In the decade between these two huge hits Herman wrote three less successful musicals (which include the cult classic Mack and Mabel) of which one was ‘The Grand Tour’. It has never having previously been performed in Europe and there was, despite the Finborough’s mighty reputation, a question mark in my mind over the reason why this might be so.
Well it certainly isn’t a dud. If this is not the strongest musical to hit the London stage then one only need cast a jaded eye over the offerings from ‘Theatreland’ to see that it is a long, long way from being the weakest.
However for all the spirited energy of the cast and another piece of spritely direction from Thom Southerland – who currently appears to be operating a cartel in the relatively niche field of small-scale musical direction – there are enough problems with Michael Stewart’s and Mark Bramble’s Book to suggest the work is destined to remain a curio piece for the dedicated rather than be reassessed as a missed masterpiece.
The main problem is that, despite being based on a pre-existing play, the production feels more akin to fragmentary scenes forced into a thematic connection by the overarching story of Jacobowsky and the Colonel. As a result, after a strong opening, we have ‘a scene on a train’, ‘a scene at the circus’ and then, most jarringly, ‘a scene at Jewish wedding’. All of these are performed extremely well and are very enjoyable to watch, but it is hard to be convinced as to why it is all occurring.

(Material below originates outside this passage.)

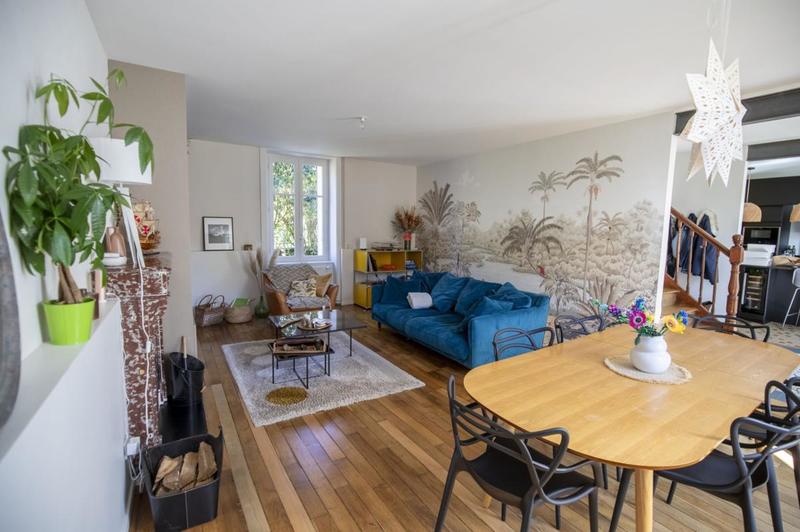 Maison - 200 m² - 8 pièces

The relationship between the three leads is rather too closely reminiscent to the dynamics between Rick, Ilsa and Laszlo in Casablanca. However the creators are too fond of Jacoboswky to allow for the depiction of humanity’s shades of grey that makes Casablanca such a masterpiece. In the end Jacoboswky is both the humane, philosophical Jewish refugee and the hero who will lay down his life for his friends.
In opposition to this Colonel Stjerbinsky really is a clunking idiot – at least Victor Laszlo got the wonderful moment of being able to singLa Marseillaise to remind the audience why Ilsa would have fallen for him in the first place. Without a similar moment we are left to wonder why on earth Marianne prefers him to our hero, Jacobokwsky, and how Stjerbinsky got even half as far as he did without someone selling him out to the Nazis.
Yet despite all of this, it still works remarkably well. There are a number of songs that show us that Herman was still in the middle of his three decade purple patch. I’ll be here tomorrow would stand
up well in any musical, and underneath the lightness of touch is a reminder of the quiet pain and necessary stoicism of anyone born into a Jewish family pretty much anywhere in central Europe in the first half of the 20th century.